A Belief Model for Conflicting and Uncertain Evidence -- Connecting Dempster-Shafer Theory and the Topology of Evidence
This addresses the challenge of evidence fusion for AI systems dealing with real-world uncertain data, though it appears incremental as it builds on existing theories.
The paper tackles the problem of computing justified beliefs from inconsistent, incomplete, or uncertain evidence in AI applications like information fusion and decision-making, by proposing a new model that combines Dempster-Shafer Theory and Topological Models of Evidence, and shows that belief computation with this model is #P-complete in general.
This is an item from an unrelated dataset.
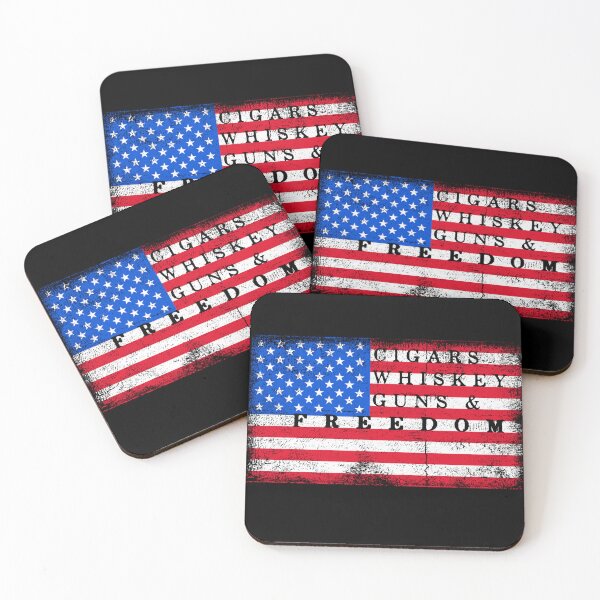 Item preview, Cigars Whiskey Guns & Freedom,  Pro Gun Vintage USA Flag designed and sold by EmiAndMike.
One problem to solve in the context of information fusion, decision-making, and other artificial intelligence challenges is to compute justified beliefs based on evidence. In real-life examples, this evidence may be inconsistent, incomplete, or uncertain, making the problem of evidence fusion highly non-trivial. In this paper, we propose a new model for measuring degrees of beliefs based on possibly inconsistent, incomplete, and uncertain evidence, by combining tools from Dempster-Shafer Theory and Topological Models of Evidence. Our belief model is more general than the aforementioned approaches in two important ways: (1) it can reproduce them when appropriate constraints are imposed, and, more notably, (2) it is flexible enough to compute beliefs according to various standards that represent agents' evidential demands. The latter novelty allows the users of our model to employ it to compute an agent's (possibly) distinct degrees of belief, based on the same evidence, in situations when, e.g, the agent prioritizes avoiding false negatives and when it prioritizes avoiding false positives. Finally, we show that computing degrees of belief with this model is #P-complete in general.